Question

The tension in a wire is decreased by \(19 \%\), then the percentage decrease in frequency will be....... (A) \(19 \%\) (B) \(10 \%\) (C) \(0.19 \%\) (D) None of these

Short answer

The percentage decrease in frequency when the tension in a wire is decreased by \(19\%\) is approximately \(10\%\).

Step-by-step solution

Recall the relationship between tension and frequency in a wire

According to the wave equation for a stretched wire, the frequency of a vibrating wire depends on the tension (F), the mass per unit length (µ), and the length of the wire (L). Mathematically, this can be represented as: \(f = \dfrac{1}{2L} \sqrt{\dfrac{F}{µ}}\) Where: - f is the frequency of the wire - F is the tension in the wire - µ is the mass per unit length - L is the length of the wire

Determine the new frequency

Let the initial frequency be \(f_1\) and the initial tension be \(F_1\). When the tension decreases by 19%, the new tension \(F_2\) can be found as: \(F_2 = F_1 - 0.19F_1 = 0.81F_1\) Now, let's find the new frequency \(f_2\) when the tension is F_2: \(f_2 = \dfrac{1}{2L} \sqrt{\dfrac{F_2}{µ}} = \dfrac{1}{2L} \sqrt{\dfrac{0.81F_1}{µ}}\)

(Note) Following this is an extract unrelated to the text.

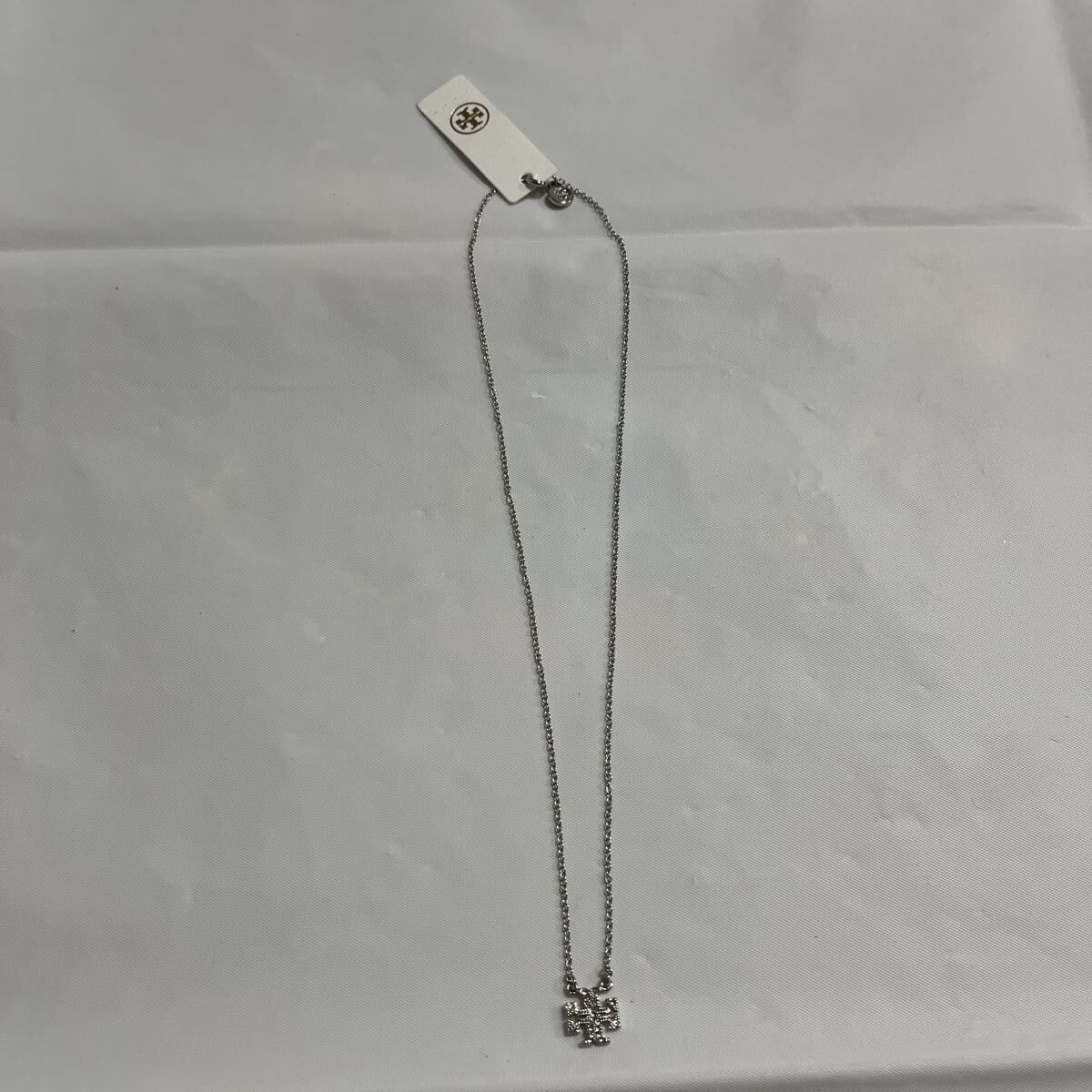 送料一律430円【極美品】TORY BURCH トリーバーチ ミラー パヴェ ラインストーン ネックレス ロゴデザイン シルバー タグ付き アクセサリー拍卖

Calculate the percentage decrease in frequency

To find the percentage decrease in frequency, we first need to find the ratio of the new frequency to the initial frequency: Percentage decrease = \(\dfrac{f_1 - f_2}{f_1} \times 100\%\) Substitute \(f_1\) and \(f_2\) from the earlier equations: Percentage decrease = \(\dfrac{\dfrac{1}{2L} \sqrt{\dfrac{F_1}{µ}} - \dfrac{1}{2L} \sqrt{\dfrac{0.81F_1}{µ}}}{\dfrac{1}{2L}\sqrt{\dfrac{F_1}{µ}}} \times 100\% \) Simplify the equation: Percentage decrease = \(\dfrac{\sqrt{\dfrac{F_1}{µ}} - \sqrt{\dfrac{0.81F_1}{µ}}}{\sqrt{\dfrac{F_1}{µ}}} \times 100\% \) Percentage decrease = \(1 - \sqrt{0.81} \times 100\% \) Percentage decrease ≈ 10% Therefore, the correct option is: (B) 10%

Key concepts

Frequency Calculation

To understand how to calculate the frequency of a vibrating string, we start by looking at the wave equation. This equation shows how the frequency depends on the tension of the wire, its length, and the mass per unit length. Mathematically, the frequency \( f \) is given by the formula:\[f = \dfrac{1}{2L} \sqrt{\dfrac{F}{µ}}\]Here, \( F \) stands for the tension in the wire, \( \mu \) (mu) is the mass per unit length, and \( L \) is the length of the string. All these factors together influence how fast the wire vibrates. The bigger the tension, for instance, the higher the frequency, because the tighter the wire, the quicker it vibrates.
If you're asked to calculate this, make sure you know all these variables. Plug them into the formula, and you can find the frequency of any wire under tension!
Keep in mind that changes in any of these variables can directly affect the frequency and hence produce different sounds or pitches.

Tension and Frequency Relationship

The connection between tension and frequency is crucial when talking about vibrating strings. As mentioned in the wave equation, tension \( F \) directly influences the frequency \( f \). The stronger the tension, the higher the frequency, and vice versa. This is because:

• The wire vibrates faster when pulled tighter.
• The square root relationship shows that frequency doesn't increase linearly with tension but rather with the square root of the tension.

For example, if you increase the tension, the frequency goes up, but not by the full amount of that increase due to the square root factor.
This relationship means that if the tension is reduced by a specific percentage, the frequency changes less dramatically. For a tension change, frequency changes by the square root of that change, explaining why when the tension decreases by \(19\%\), the frequency only reduces by around \(10\%\).
This is because the square root of \(0.81\) (from reducing tension by \(19\%\)) is about \(0.9\), hence reducing \(10\%\) from the original frequency.

Percentage Change in Frequency

Calculating the percentage change in frequency involves understanding how changes in tension affect it according to the wave equation. When the tension of a string changes, its frequency changes too, in a way determined by the square root of the new to old tension ratio.For instance, if the tension decreases by \(19\%\), we compute the new tension as \(0.81F_1\) where \(F_1\) is the initial tension. The frequency change can be calculated using:

• \(f_1\): the initial frequency.
• \(f_2\): the new frequency, which is found from the equation for \(f\) mentioned earlier.

The percentage change is given by:\[\text{Percentage decrease} = \left(1 - \sqrt{0.81}\right) \times 100\%\]This results in approximately \(10\%\) decrease. It illustrates that even a significant change in tension results in a smaller percentage change in frequency due to the square root relation.
Grasping these principles helps us predict how different control factors in string instruments or other tension-driven systems affect sound and frequency, bringing science to help us tune instruments accurately.